12 шедевров эротики - Гюстав Флобер
Шрифт:
Интервал:
Закладка:
Он сел возле нее и стал рассматривать ее с внезапно пробудившимся интересом, — с интересом любителя-коллекционера, она была очаровательна, — блондинка с нежным и горячим тоном кожи, созданной для ласк, — и он подумал: «Она лучше той, несомненно». Он был уверен в успехе. Ему стоит только протянуть руку, — казалось ему, — и сорвать ее, как зрелый плод.
Он решительно произнес:
— Я не приходил к вам потому, что так лучше.
Она спросила, не поняв его:
— Как? Почему?
— Почему? Вы не догадываетесь?
— Нет, нисколько.
— Потому, что я влюблен в вас… О! Немножко, совсем немножко… и не хочу влюбиться окончательно…

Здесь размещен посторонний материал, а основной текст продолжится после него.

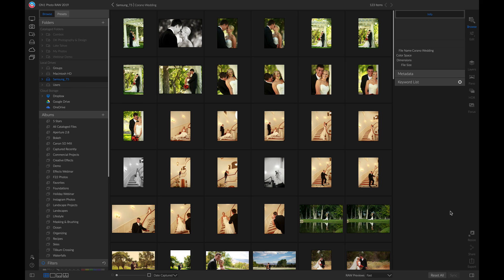Hey everyone, in this video I'm going to share with you my tips for organizing large shoots inside On1 Photo Raw 2019.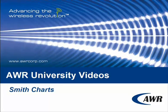Welcome to AWR University Videos. The topic of this video is Smith Charts.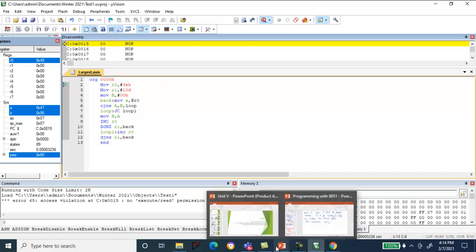That concludes the programming section. We used ACALL and a subroutine for delay calculation to generate a square waveform with 50% duty cycle. In the second program we used compare instructions, jump on carry conditional jump, and increment arithmetic instructions to find the largest number. Thank you, I hope you have understood.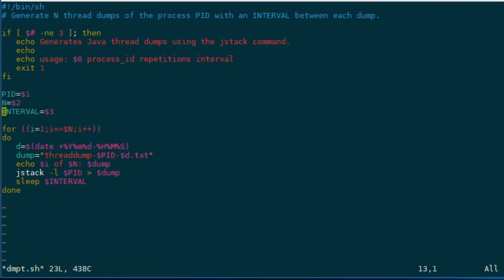So, in this video we learned how to generate Java thread dumps using the jstack utility in Linux. Thank you very much for watching. I hope you liked it, and we'll see you next time.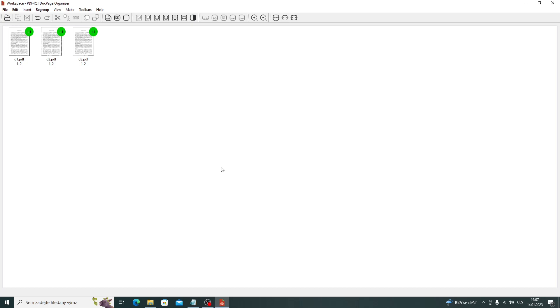Individual documents can be arranged using drag and drop, and it is possible to insert, for example, blank pages between them.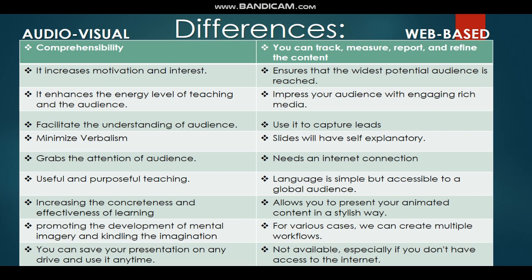Eighth, for audio-visual: increasing the correctness and effectiveness of learning. For web-based: it allows you to present your animated content in a stylish way. Ninth, for audio-visual: promoting the development of mental imagery and kindling the imagination. For web-based: for various cases we can create multiple workflows. Tenth, for audio-visual: you can save your presentation on any drive and use it any time. For web-based: not available, especially if you don't have access to the internet.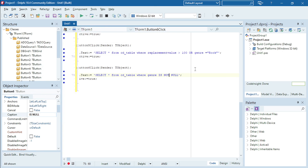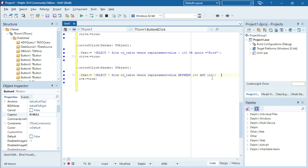The last one is the BETWEEN operator, which is quite handy. Let's use the replacement value again: WHERE replacement value BETWEEN 100 AND 120. You can also use BETWEEN to check for character ranges like A to D. In this case I'm using the replacement value, which is a number or currency field, so I don't need to put 100 and 120 in double quotation marks.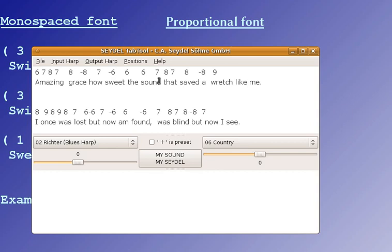Now, back when I programmed the SeidelTabTool, which you hopefully have on your hard disk, I already integrated a function for changing the fonts, but I didn't have much time to test it and to try it out. So I put it very much in a hidden way.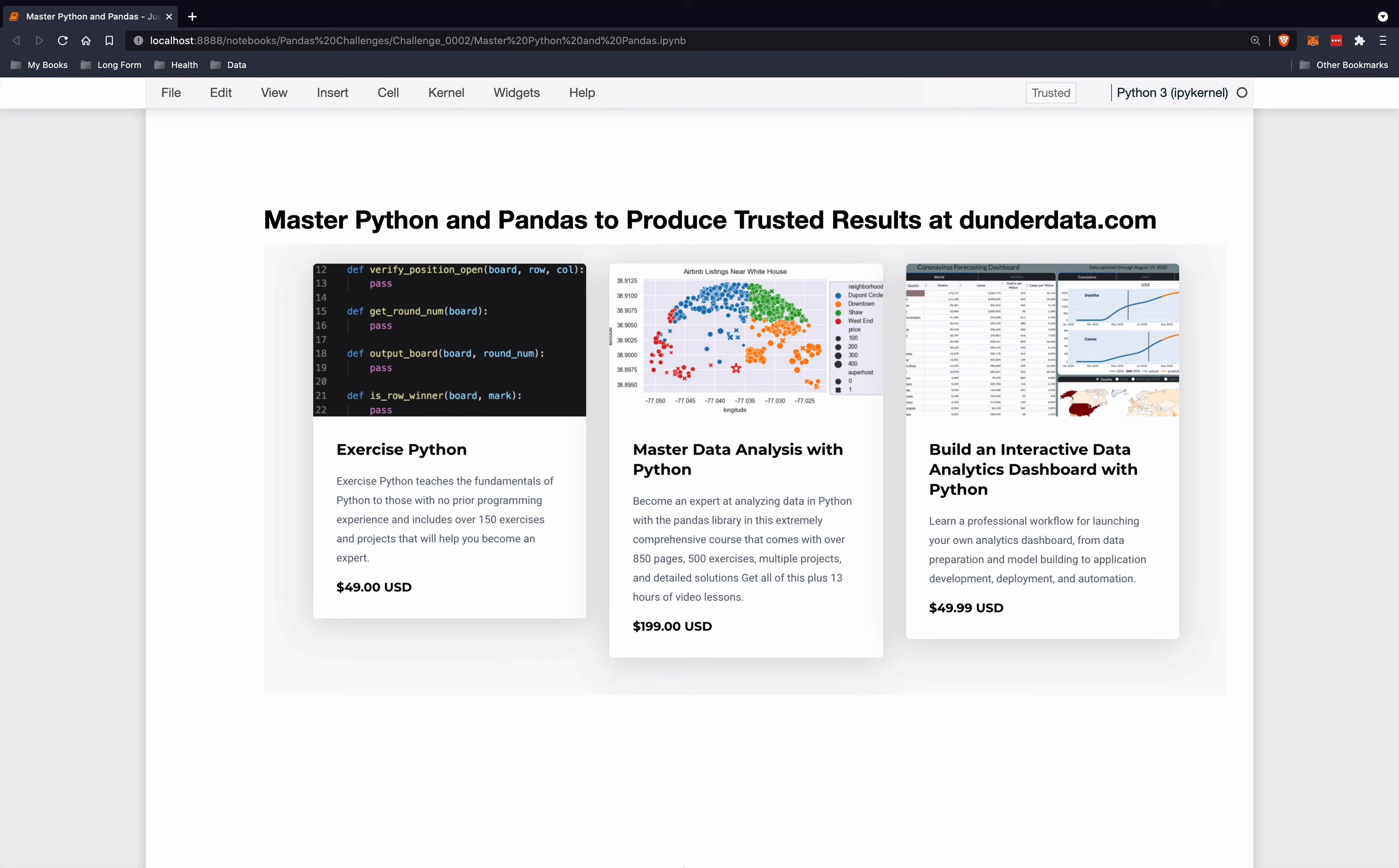Master Data Analysis with Python is an extremely comprehensive course that will teach you everything there is to know about using the Pandas library to do data analysis. Then my newest course is Build an Interactive Data Analytics Dashboard with Python, which is a really fun and exciting course. It teaches you all the steps for launching your very own dashboard with Python.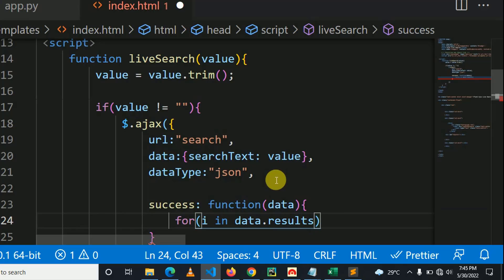So don't ask too many questions why data.results. I use data.results because the backend will return data in an object which is called the results.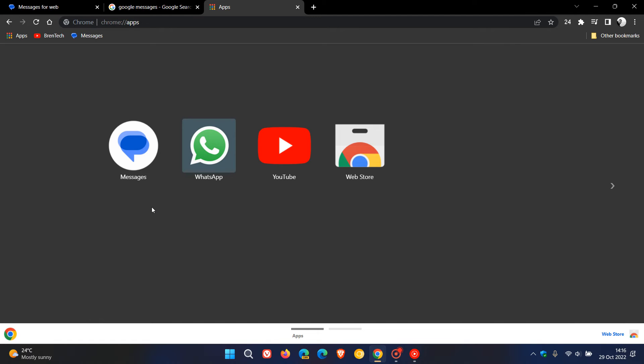Now, if you are using Messages as an app, a PWA, a progressive web app in your browser, and you are not seeing the new icon or the new logo,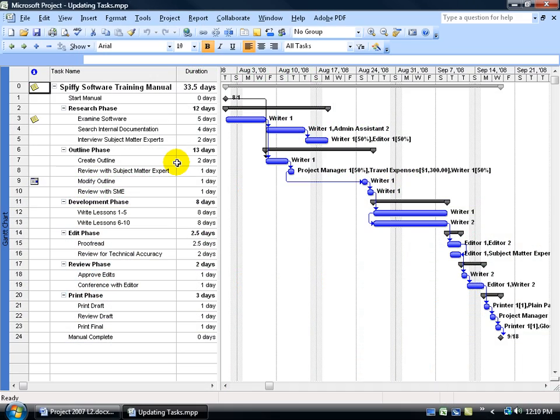Once you have your project plan set up and ready to go, as we just watched in all the previous training videos, having a listing of all the tasks that need to be completed in order to complete your project goal, which in this case is to create a spiffy software training manual.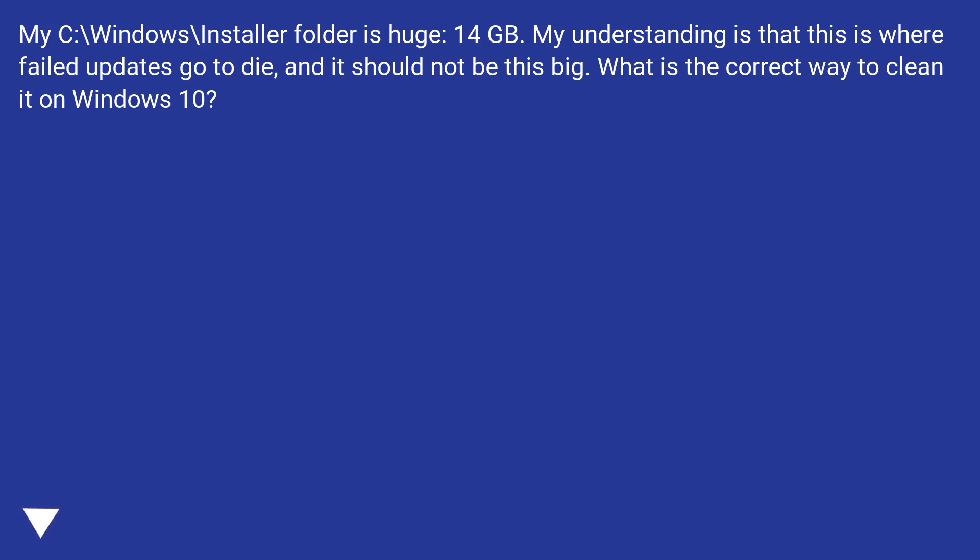My understanding is that this is where failed updates go to die, and it should not be this big. What is the correct way to clean it on Windows 10?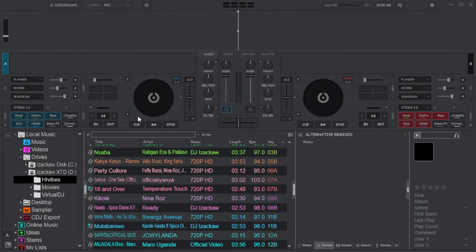Since the release of Virtual DJ 2025, we are able to notice the new updates and the newly added features. We cannot talk about all of them at once, but the most talked-about feature every DJ is discussing is the stem swap. Have you tried it yet? If not, let's try it out together and see what's cool about this thing.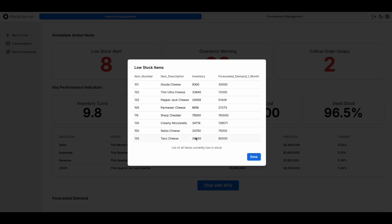Tailor these alerts to your specific needs, whether it's triggering them for a one- or two-month forecast, or based on supplier lead times.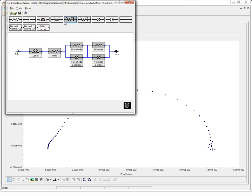Here is the model that we're going to use to fit to our data. We have stray inductance, high frequency resistance, and two RCs, one for the cathode and one for the anode.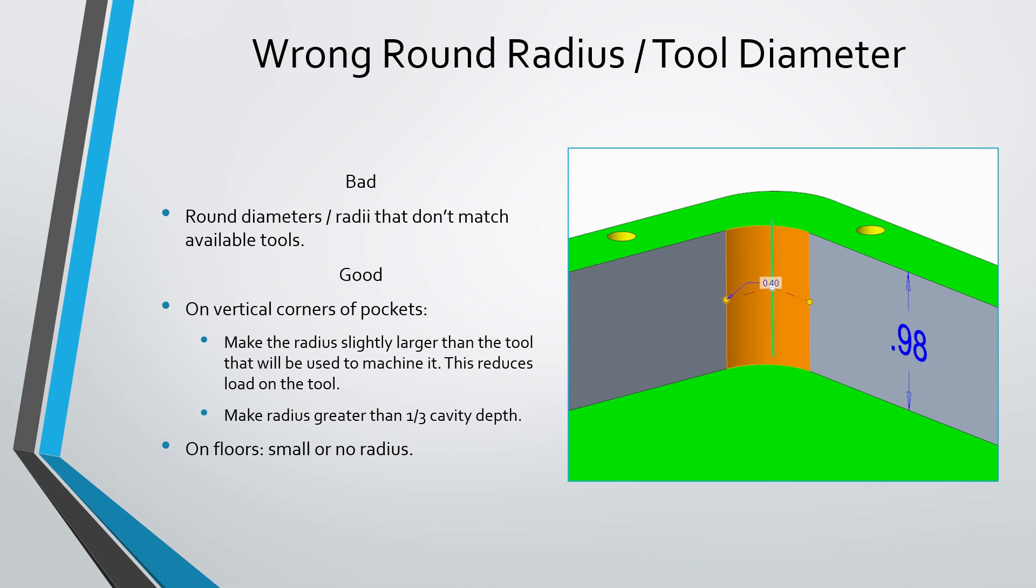Because if you have a really small radius compared to the depth of the cavity, you're going to have to use a really long tool. And that can end up with a lot of chatter, and it'll be hard to control the tolerances. Also, you can end up with a lot of stress on the tool and end up breaking more tools.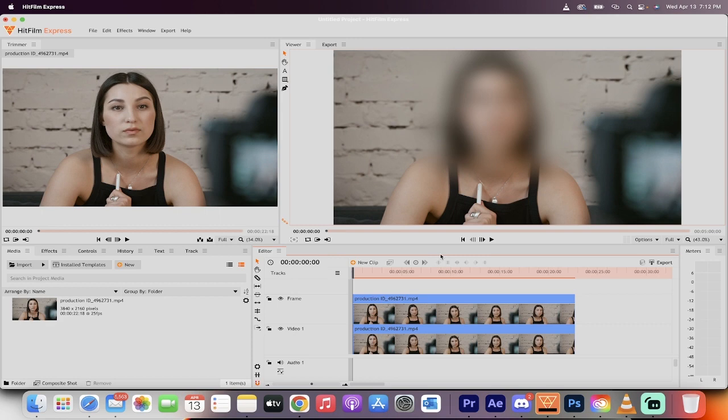I'm back in action today, we're back in HitFilm Express, that free video editor, and I'm going to show you how to blur your footage.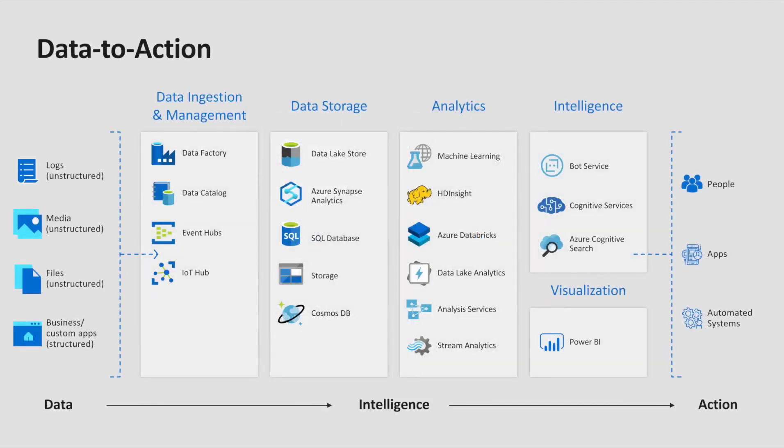If we take a step back, the data to action journey follows a fairly typical pattern. We start on the left-hand side with data of a variety of formats. Unstructured data such as media files like images, video, and audio. Semi-structured data such as JSON documents that might be received from a web API. Or structured information such as relational data that we may be more familiar with, stored in rows and columns, being written from a line of business application.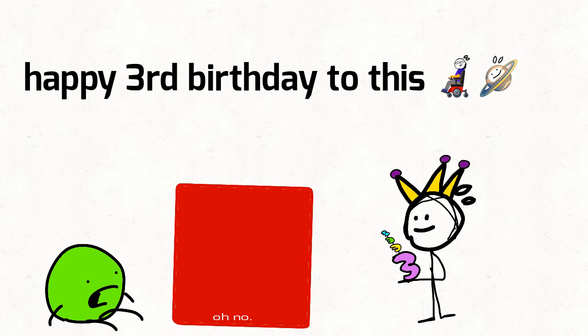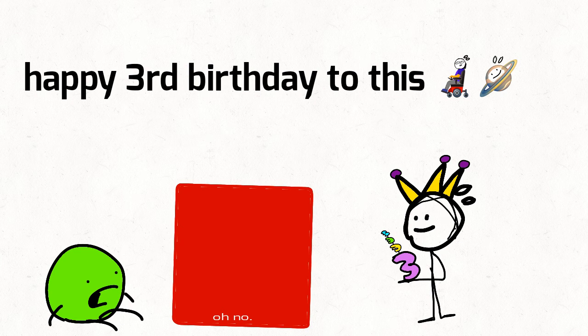Happy birthday to dis, happy birthday to dis, we're sorry dis channel's been gone for almost a year.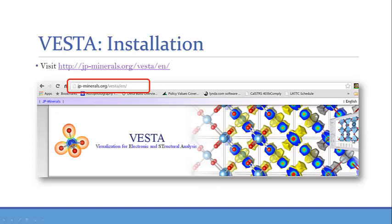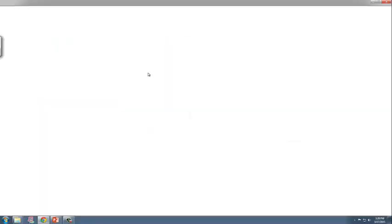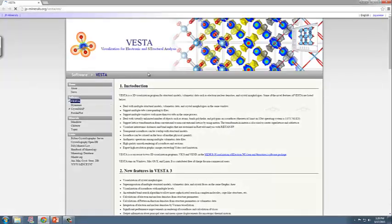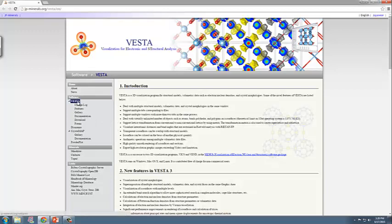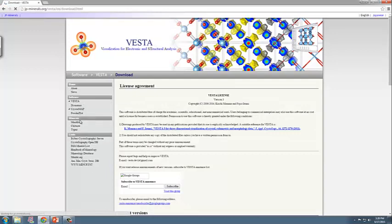So first and foremost, you need to visit the website. Here I have the link to the web page. If you click on it, it's jp-minerals.org, you'll see the main web page. What you need to focus on is on the left side here under software, go to the download link.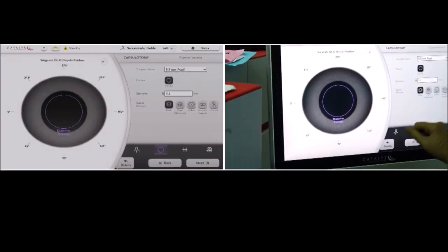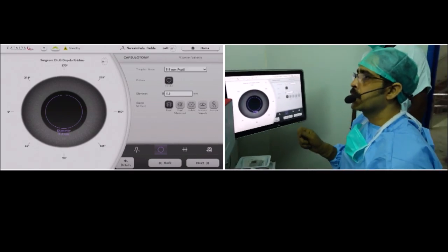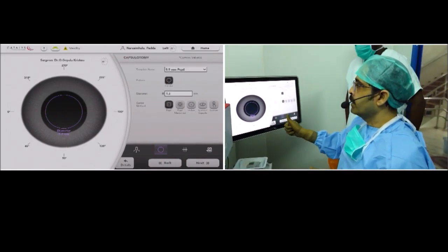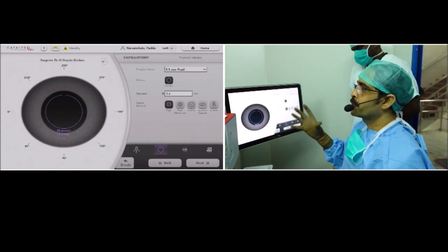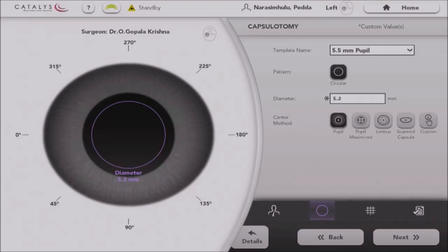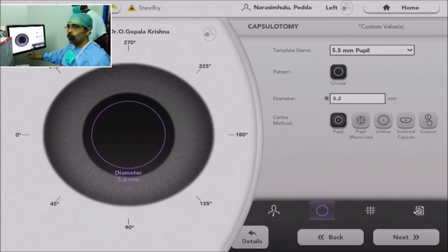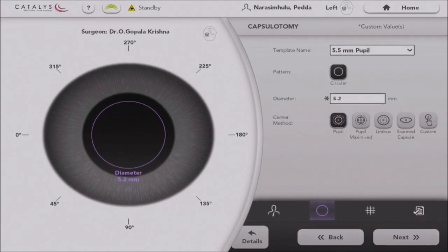The next step is capsulotomy. The advantage of capsulotomy with femto laser assistance is that the size of the capsulotomy can be titrated, and the shape of the capsulotomy is perfectly circular. There are studies saying the circularity of the capsulotomy will help you get better centration in case of premium IOLs like toric, multifocal, and symphony IOLs. The size and centering of the capsulotomy can be titrated as required.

Она, по-видимому, не была ни удивлена, ни оскорблена, ни польщена: продолжая улыбаться своей безразличной улыбкой, она спокойно ответила:
— О! Вы все-таки можете приходить ко мне. В меня никогда не влюбляются надолго.
Ее тон удивил его еще больше, чем слова, и он спросил:
— Почему?
— Потому, что это бесполезно, и я сразу даю это попять. Если бы вы рассказали мне раньше о ваших опасениях, я бы вас успокоила и посоветовала бы, наоборот, приходить почаще.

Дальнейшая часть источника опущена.